A market analyst at the Bitcoin magazine, Sam Rule, posted a comparative chart of the returns of the digital currency over the last four significant peaks. The most recent timeline, showing the current situation, suggests that there is more downside to come.

The 2011 period, which ended after 160 days and a 93% drawdown, the 2013 -- 2015 period, which ended after 410 days and an 85% drawdown, and the 2017 -- 2018 period, which ended after 360 days, and an 83% drawdown, are included in the chart.

The current 2021 -- 2022 period is 220 days in, and is down 69% from the November 2021 peak.

The previous percentage drawdowns range between - 93% and - 83%, suggesting that the current live drawdown of - 69% has more to fall before reaching a bottom.

By looking at the percentage drops sequentially, it noted that each period had progressively less severe declines.
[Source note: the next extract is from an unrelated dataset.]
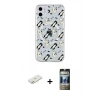 MARSİLYAN™- iPhone 11 Kılıf Pusula Form - Siyah 34D Hayalet Izgaralı Cam + Turuncu Renkli Kamera Lens Koruma Cam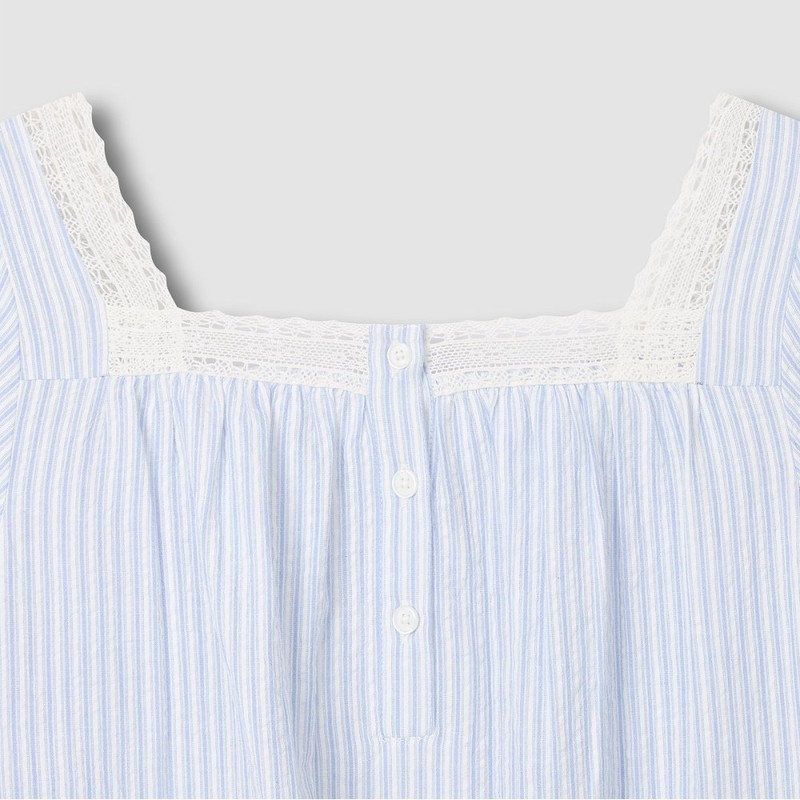 JAJU [JAJU] Women's Seersucker Shirring Short Sleeve Pajama Dress_Light Blue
If the same pattern plays out this time, it may result in an approximate 80% drawdown. This would putBitcoin at a bottoming price of around $13,800.

The pattern above shows that BTC is becoming less volatile over time.

The most prolonged period was the 2013 -- 2015 period, at 410 days. There is no discernable pattern to be extracted from the data.

The past event should not be taken as an indicator of future performance. This method of analysis does not take into account the macroeconomic landscape, which is a factor in the current 2021 -- 2022 period.

The mainstream media reports a mixed bag as far as recessionary risk is concerned.

CNBC recently featured commentary from Simon Baptist, the Global Chief Economist at the Economist Intelligence Unit. Baptist plays down the risk of an imminent recession. He said that the likely outcome is stagflation, which is characterized by rising costs and slowed economic growth.

Larry Davies, the former Chief Economist at the Securities Exchange Commission, made a case for a likely coming recession, saying it is hard to stop inflation by raising interest rates without going into recession.

According to Lenore Hawkins, Managing Partner at Calit Advisors, the recession may already be here, based on consumer spending.

Spending behavior prioritizing essentials is a result of a squeeze on household incomes.